This article gives an overview of your private keys in Hive.
By the way, as a reminder, if you had a Steemit account, then your Steemit keys are the same as your Hive keys. Just use your existing Steemit keys to log into Hive. We recommend you use the Hive Keychain extension, as it is way easier.
If you signed up for a new Hive account with the Esteem app, you will receive an email with your Hive account name and a password. This is your master password. Your master password controls everything in your account, but this is where Hive is different from other websites such as Facebook or YouTube.
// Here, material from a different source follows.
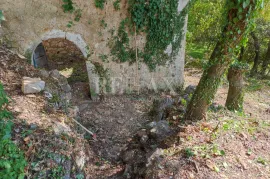 Hreljin - starina sa zemljištem, Bakar, Maison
The Esteem app that sent you your master password in an email doesn’t store your password in a central server the way that Facebook and Google do.
Save Your Keys On A USB Stick
You should save this master password, and ideally, you should copy and paste it to a document (like Word, or Pages), then save that document to a USB stick or flash drive. Also print out your master password and put it somewhere safe.
To see all your private keys, we recommend that you use the Hive Keychain for a desktop computer. We will write a different tutorial for Hive Keychain that is more in-depth. If you’re only on mobile, you won’t need to really think about keys.
4 Private Keys Plus A Master Password
Here’s where things get a bit more complex. Each Hive account has 4 different keys plus a master password. Each key controls a different aspect of your Hive account. If you’re using the Esteem app, you won’t be aware of these different keys because it is all happening in the background. However, as you start to learn more about Hive, it’s important to understand the private key system. There are four private keys in your Hive account: Owner, Active, Posting and Memo, plus your master password. The reason there are different keys is because of security.
The master password is used to derive all keys.
A hashing function calculates the corresponding private and public keys from the master password, the account name and the key type. Having the master password enables you to retrieve all private keys of an account. Don't use the master password to log in, or in any other application. Never copy the master password into posts or transaction memos. Use the lower privilege keys to maintain the security of your account.
Your Owner key is the key required to change all the other keys. You can vote, send tokens, and even change all your private keys with your Owner key. It’s very important to keep this copied and stored in a safe place.
Because Hive is a social blockchain, there are many daily activities that people do on Hive that have nothing to do with money. For example, when you write a blog or comment on someone’s post, you’re not transacting any money. You’re simply doing social media stuff. There’s a key for just these activities, it’s your Posting key. When you use your Posting key, you can’t send money to anyone. That’s because the Posting key has rules baked into it. If someone were to hack you and get your Posting key, they couldn’t steal your Hive tokens. The only thing they could do would be posting and replying to comments.
If you want to send your Hive tokens to someone or to an exchange, you have to use your Active key. Your Active key controls the movement of tokens in your account. If you want to give a tip to an author, you must use your Active key. But upvoting content doesn’t require your Active key, just your Posting key.
Memos are used in the Hive network for a variety of purposes: description of payment reason, deposit to/from the exchange account, direct message, encrypted message.
Here’s an example of a memo we wrote to someone recently when we sent them 1 $Hive for a contest:
One of the most common uses of memos is when you send your Hive tokens to an exchange. For example, let’s say you want to send some of your Hive tokens to the Binance exchange. Binance’s Hive account is deepcrypto8. But how will Binance differentiate your Hive tokens from someone else’s since the only Binance account on Hive is deepcrypto8?
The memo. But in order to get your memo ID for Binance, you have to go to your Binance account on Binance.com. So, when you’re in your Binance account, you go to the withdraw section for Hive. Binance will give you Binance’s Hive deposit account name and your memo ID. When you send your Hive tokens to the Binance exchange, you must type in both the account name and also your unique memo that you get from Binance. For example, Binance memos look like this:
Pro-tip: when you send your Hive tokens to an exchange for the first time, do a test send of a few Hive tokens to make sure it arrives in your account. Don’t send a lot of tokens! Always do a test send before sending larger amounts. You don’t want to screw this part up.
This concludes our overview of your keys in Hive. It can be a bit overwhelming if you’re brand new to Hive, but we hope this explains it for the beginner.